7) Un enseignement des mathématiques basé sur l’automatisation des tâches principalement dans le domaine des techniques opératoires alors que les « problèmes » semblent venir avant tout des fameux problèmes, c’est à dire la capacité à mobiliser ses connaissances pour répondre à des questions.
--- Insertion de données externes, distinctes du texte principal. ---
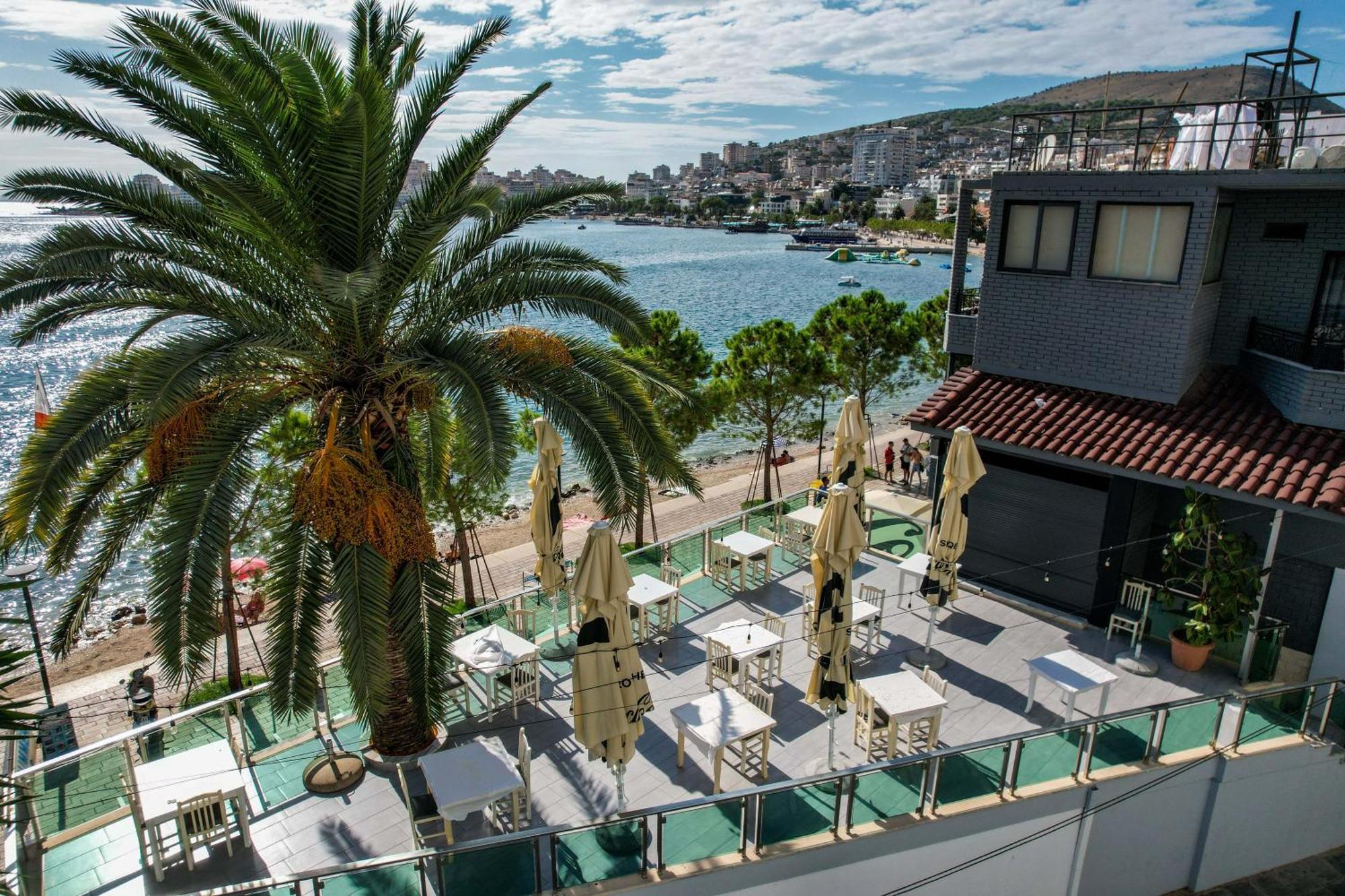 Hotel Summer Sarandë Eksteriør billede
Plus généralement le calcul mental devient le parent pauvre de ces programmes ; alors que l’évolution structurelle de la société montre le recul historique de l’importance des techniques opératoires dans les usages sociaux des connaissances – qui d’entre-nous extrait encore des racines carrées ou bien pose encore ses divisions dans des situations de la vie quotidienne (voir à ce propos les écrits de R. Brissiaud et R. Charnay) -, le calcul mental et les ordres de grandeur semblant être des outils beaucoup plus utiles aux enfants dans leur future insertion sociale … Que dire de la règle de trois (pour ma part totalement inconnue, il a fallu que je découvre cette « technique », alors que je maîtrise – me semble-t-il – la proportionnalité) en lieu et place de la proportionnalité ?
8.) Du côté de la langue française, rien sur l’expression écrite – pardon, la rédaction - ! : écrire un texte narratif de 5 lignes. Il s’agit avant tout de se conformer à la norme. Quid de l’implicite et de l’explicite dans la lecture ? L’impression donnée est d’une certaine indigence : la compréhension via la lecture orale, l’impasse sur la littérature de jeunesse, une vision réductrice du vocabulaire, une culture académique, « savante » qui ignore la culture réelle, vécue des élèves. De manière générale que reste-t-il de l’imagination, de la créativité, sujets qui manquent le plus à certains élèves ? … Un alourdissement important de la conjugaison – ajout de nombre de temps de conjugaison - et de la grammaire – l’ensemble des natures et fonctions grammaticales -, alors que l’on attend encore la démonstration du lien entre apprentissage de la grammaire et de la conjugaison et performances langagières …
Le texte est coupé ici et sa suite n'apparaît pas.